COLLECTED DATA:
______________________________
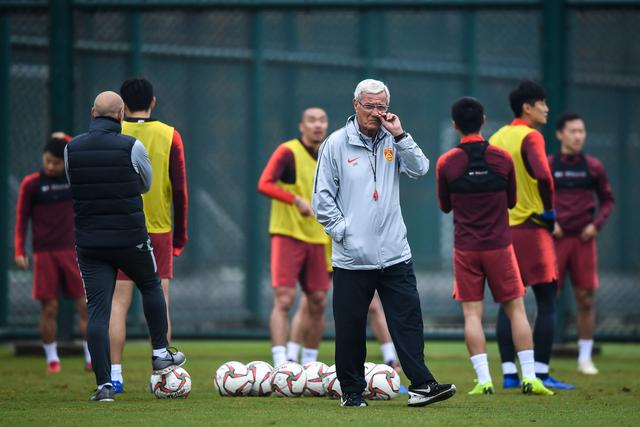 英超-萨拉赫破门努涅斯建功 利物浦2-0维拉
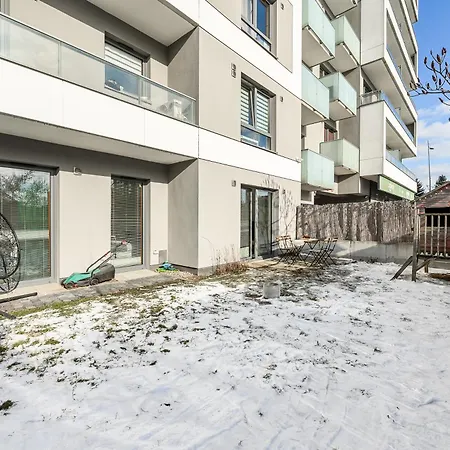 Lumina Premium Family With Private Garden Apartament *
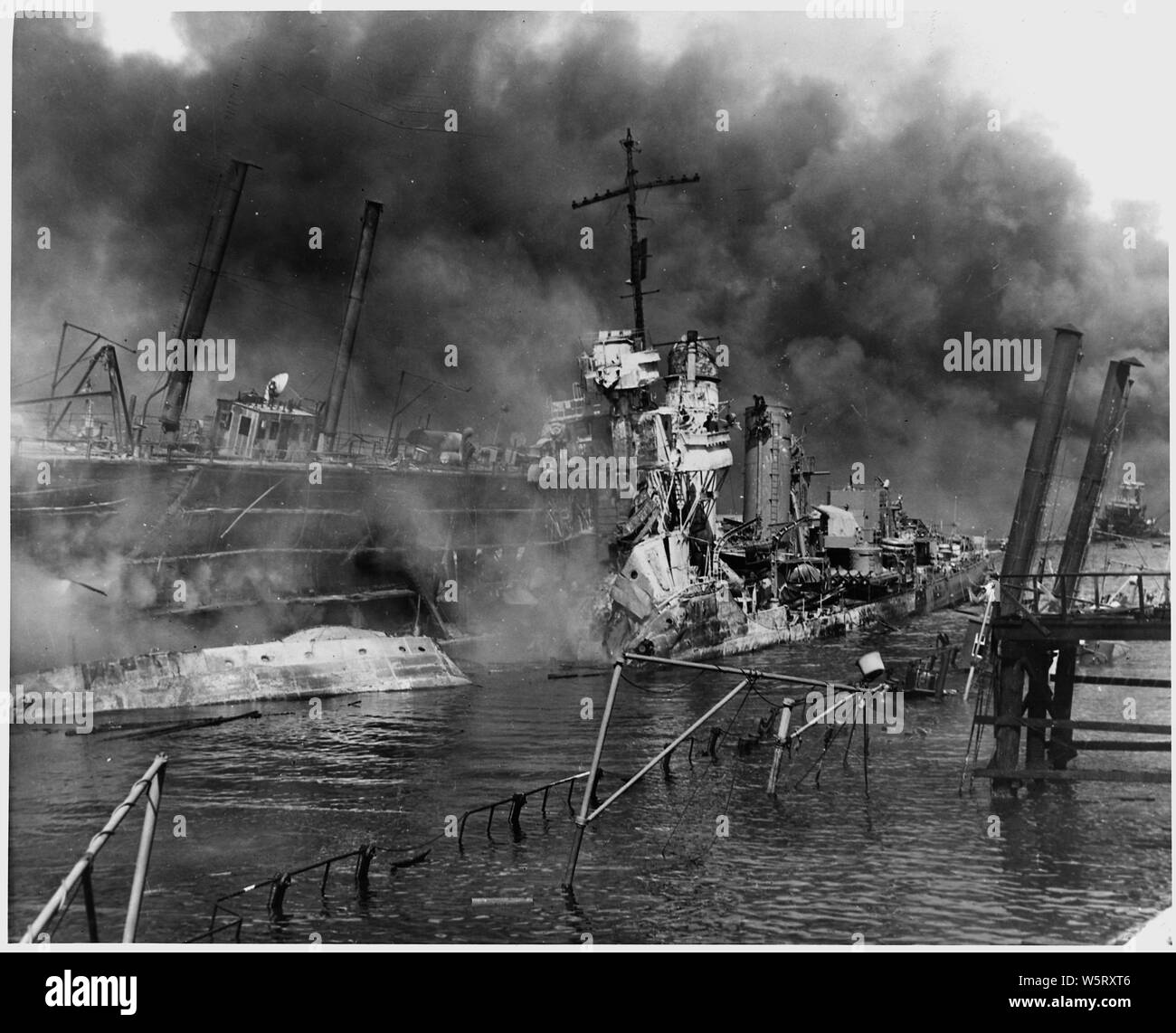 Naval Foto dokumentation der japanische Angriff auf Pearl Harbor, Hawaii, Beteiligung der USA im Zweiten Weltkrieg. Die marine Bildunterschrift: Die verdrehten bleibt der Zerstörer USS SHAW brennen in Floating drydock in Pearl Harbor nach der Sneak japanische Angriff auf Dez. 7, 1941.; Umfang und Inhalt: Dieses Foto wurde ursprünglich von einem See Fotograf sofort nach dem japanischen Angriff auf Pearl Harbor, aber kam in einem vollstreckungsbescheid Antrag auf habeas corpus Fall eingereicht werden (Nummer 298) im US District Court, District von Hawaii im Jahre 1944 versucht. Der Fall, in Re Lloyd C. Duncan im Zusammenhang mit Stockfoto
______________________________
Output the data above in full. Skip every picture.

RESULT FOR THIS EXERCISE:
 英超-萨拉赫破门努涅斯建功 利物浦2-0维拉
 Lumina Premium Family With Private Garden Apartament *
 Naval Foto dokumentation der japanische Angriff auf Pearl Harbor, Hawaii, Beteiligung der USA im Zweiten Weltkrieg. Die marine Bildunterschrift: Die verdrehten bleibt der Zerstörer USS SHAW brennen in Floating drydock in Pearl Harbor nach der Sneak japanische Angriff auf Dez. 7, 1941.; Umfang und Inhalt: Dieses Foto wurde ursprünglich von einem See Fotograf sofort nach dem japanischen Angriff auf Pearl Harbor, aber kam in einem vollstreckungsbescheid Antrag auf habeas corpus Fall eingereicht werden (Nummer 298) im US District Court, District von Hawaii im Jahre 1944 versucht. Der Fall, in Re Lloyd C. Duncan im Zusammenhang mit Stockfoto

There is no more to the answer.